Subduction zones, one of the three types of plate boundaries, return Earth's surface to its deep interior. Because subduction zones are gently inclined at shallow depths and depress Earth's temperature gradient, they have the largest seismogenic area of any plate boundary. Consequently, subduction zones generate Earth's largest earthquakes and most destructive tsunamis. As tragically demonstrated by the Sumatra earthquake and tsunami of December 2004, these events often impact densely populated coastal areas and cause large numbers of fatalities.

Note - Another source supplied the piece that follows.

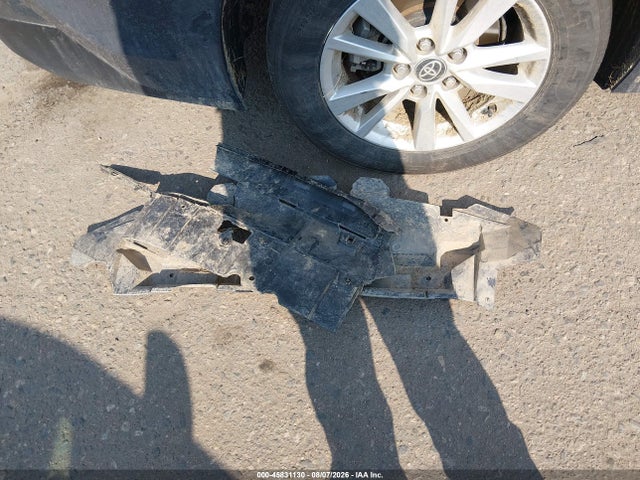45831130 :رقم المزاد ، 4T1DAACK6SU538730 vin ، 2025 Toyota Camry Le مزاد بيع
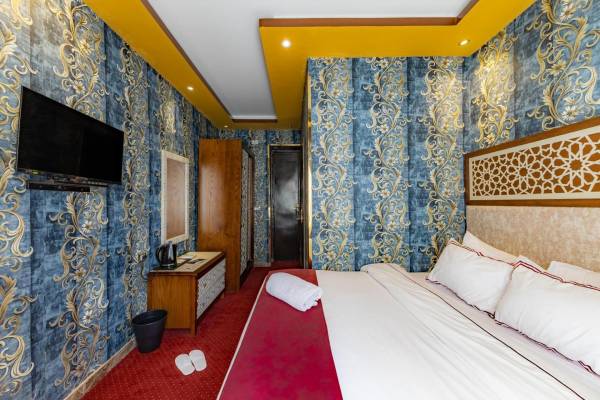 Habitación Individual Deluxe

While scientists have a general understanding of the seismogenic zone, many critical details remain obscure. This volume attempts to answer such fundamental concerns as why some interplate subduction earthquakes are relatively modest in rupture length (greater than 100 km) while others, such as the great (M greater than 9) 1960 Chile, 1964 Alaska, and 2004 Sumatra events, rupture along 1000 km or more. Contributors also address why certain subduction zones are fully locked, accumulating elastic strain at essentially the full plate convergence rate, while others appear to be only partially coupled or even freely slipping; whether these locking patterns persist through the seismic cycle; and what is the role of sediments and fluids on the incoming plate.
Nineteen papers written by experts in a variety of fields review the most current lab, field, and theoretical research on the origins and mechanics of subduction zone earthquakes and suggest further areas of exploration. They consider the composition of incoming plates, laboratory studies concerning sediment evolution during subduction and fault frictional properties, seismic and geodetic studies, and regional scale deformation. The forces behind subduction zone earthquakes are of increasing environmental and societal importance.